I felt the planes were poised as if they had just come to land - crash landed in the case of the upside-down Jaguar, though obviously there was no damage to it. The Harrier was just hovering with its nose a few inches off the ground, as if it had just plunged through the roof and caught in the branches of a tree or something - though the curator in me wanted to know more about the superstructure supporting it in that position... There was something slightly sinister about the 'greyed-out' appearance of both cockpits - I felt if I looked too closely I'd see someone in there, a dead pilot perhaps.

I suppose that was the tension surfacing again, the fact that you are so strongly aware of these objects' original function - these are both actual decommissioned planes which have seen action in recent international conflicts: the Jaguar was in Desert Storm. I felt happier - if that's the word - comforted even, that this meant they were authentic - that we were not just looking at them as gratuitous symbols of conflict, they had actually been there. Though, again, the tension, the unsettling awkwardness...

The polished, seemingly silver-plated, precious-metal surface of the Jaguar now reflects the architecture of the galleries enclosing them, and more than one person was taking photographs of this artistic reflection.
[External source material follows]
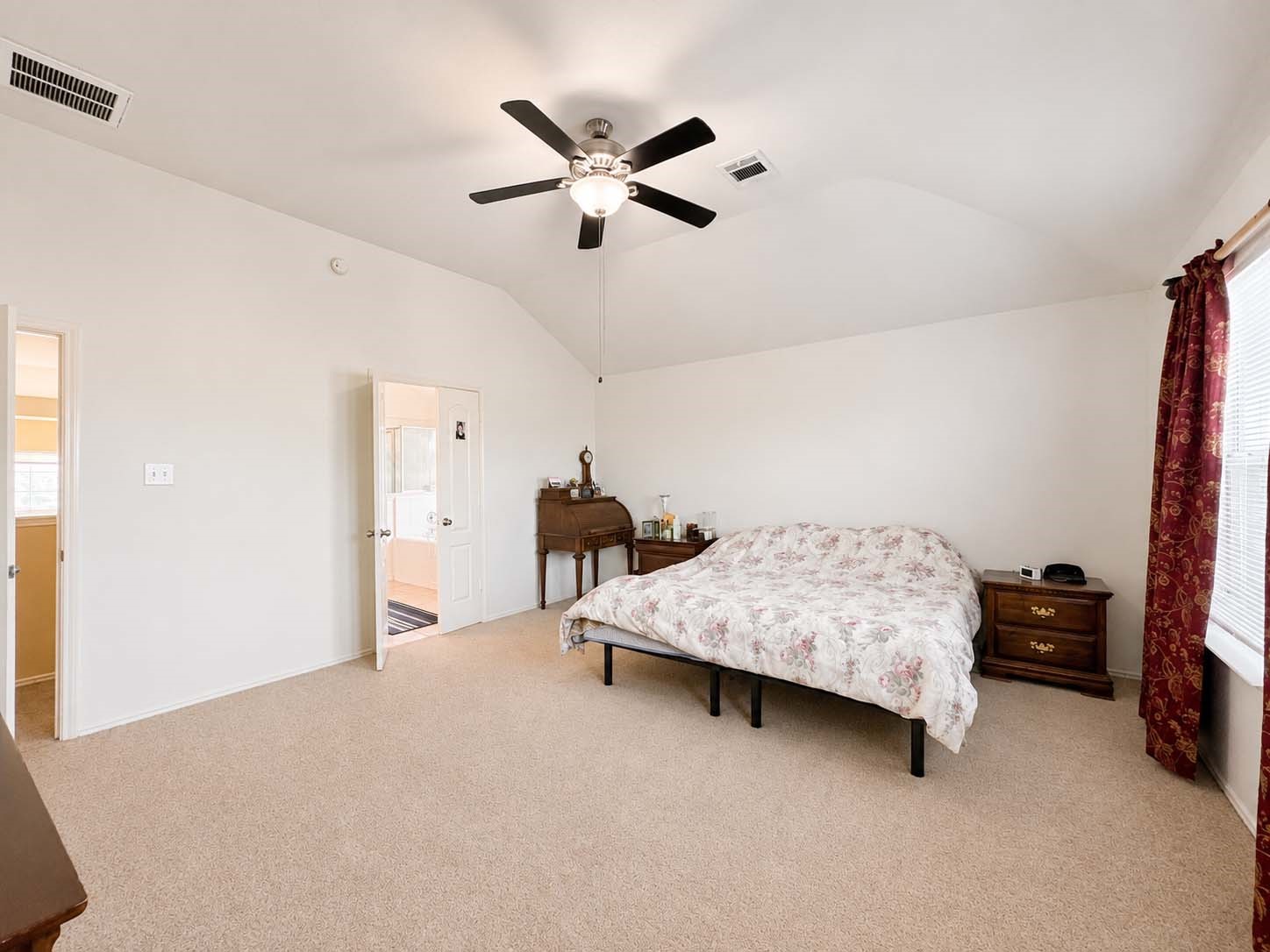 2422 Comal Drive Property Photo 21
This is deliberately part of Fiona Banner's effect - the Tate built with the funds from slavery, in the neoclassical style that was the symbol of empire at the time it was built, now housing these modern symbols and tools of empire. The display works because of its environment, in a more successful way than I have seen for a long time - seeing the planes in that space generates thoughts and feelings which I can't imagine thinking if I saw the planes in a airplane hangar or in an aviation museum. Perhaps I would, but there is something about the creative intent behind stripping and decorating them in this way, the whole idea that they are now art, that makes you look at them in a completely different way. Well, it provokes thought, and that has to be a good thing in an art installation.

So thanks James for our own commission! My head was so deeply buried in the ground during the last few months that I didn't even know about it, so I'm grateful for the excuse it gave me to start to reopen my eyes to the outside world.